** Data provided follows **

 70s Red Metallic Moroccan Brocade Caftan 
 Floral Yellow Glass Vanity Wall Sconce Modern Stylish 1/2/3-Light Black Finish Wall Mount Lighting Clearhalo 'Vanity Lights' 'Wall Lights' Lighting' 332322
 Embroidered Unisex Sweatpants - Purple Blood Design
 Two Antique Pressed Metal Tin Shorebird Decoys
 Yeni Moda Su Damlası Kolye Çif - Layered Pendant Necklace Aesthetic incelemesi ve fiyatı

** End of Data provided **
** Data provided follows **

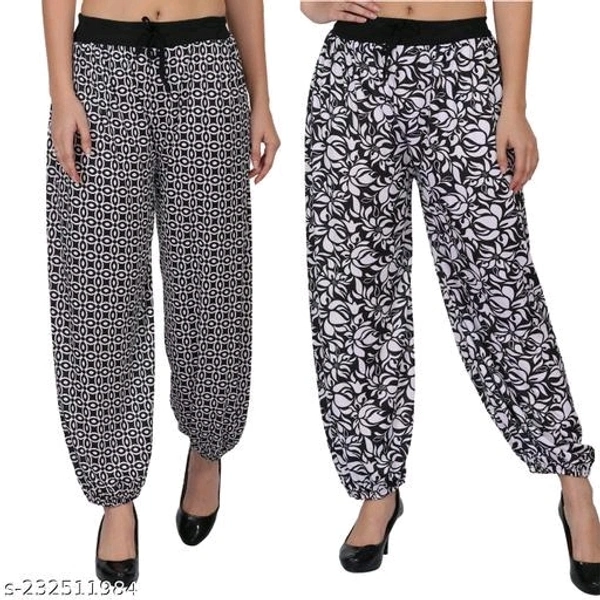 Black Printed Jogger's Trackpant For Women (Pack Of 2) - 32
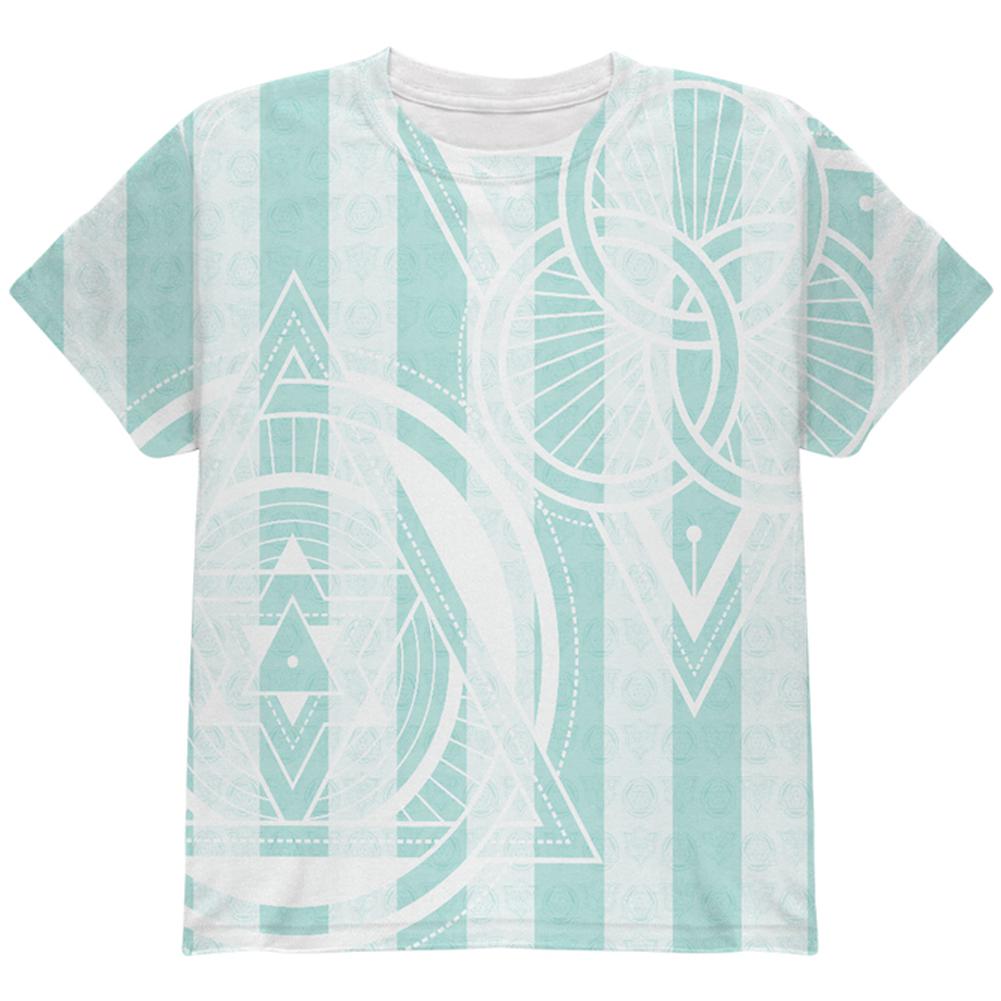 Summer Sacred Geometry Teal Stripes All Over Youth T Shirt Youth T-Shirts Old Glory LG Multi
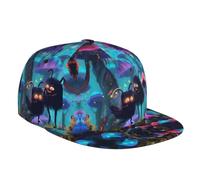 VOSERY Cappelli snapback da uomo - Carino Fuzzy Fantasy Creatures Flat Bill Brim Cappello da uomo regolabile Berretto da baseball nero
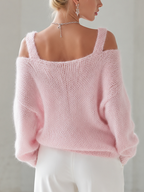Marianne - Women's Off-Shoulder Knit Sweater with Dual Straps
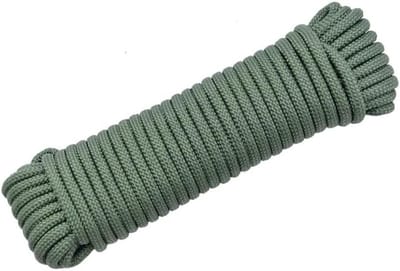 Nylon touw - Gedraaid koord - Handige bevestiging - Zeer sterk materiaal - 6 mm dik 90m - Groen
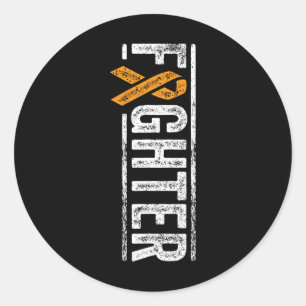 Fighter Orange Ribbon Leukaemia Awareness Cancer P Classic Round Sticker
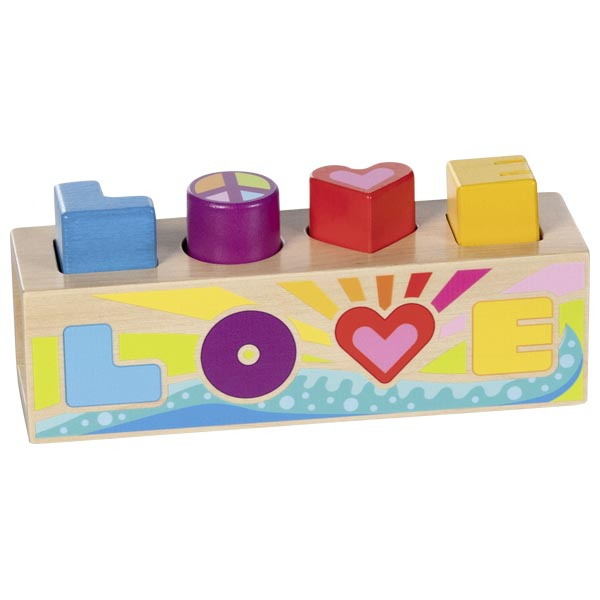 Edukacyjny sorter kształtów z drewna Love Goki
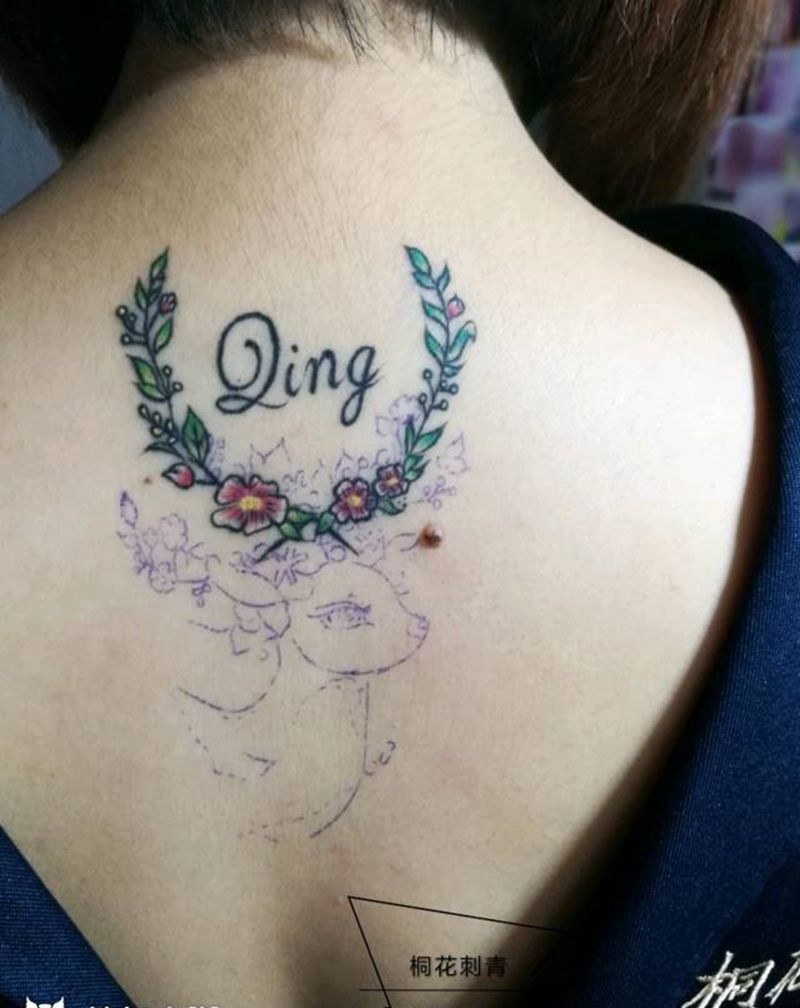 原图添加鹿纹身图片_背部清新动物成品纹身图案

** End of Data provided **
** Data provided follows **

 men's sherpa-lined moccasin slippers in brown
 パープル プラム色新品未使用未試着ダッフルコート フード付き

** End of Data provided **

| Problem details |
From the records above, transcribe exactly the run of lines that opens with the line holding "70s Red Metallic Moroccan Brocade Caftan" and closes with the line holding "Yeni Moda Su", both included.

| The completed task |
 70s Red Metallic Moroccan Brocade Caftan 
 Floral Yellow Glass Vanity Wall Sconce Modern Stylish 1/2/3-Light Black Finish Wall Mount Lighting Clearhalo 'Vanity Lights' 'Wall Lights' Lighting' 332322
 Embroidered Unisex Sweatpants - Purple Blood Design
 Two Antique Pressed Metal Tin Shorebird Decoys
 Yeni Moda Su Damlası Kolye Çif - Layered Pendant Necklace Aesthetic incelemesi ve fiyatı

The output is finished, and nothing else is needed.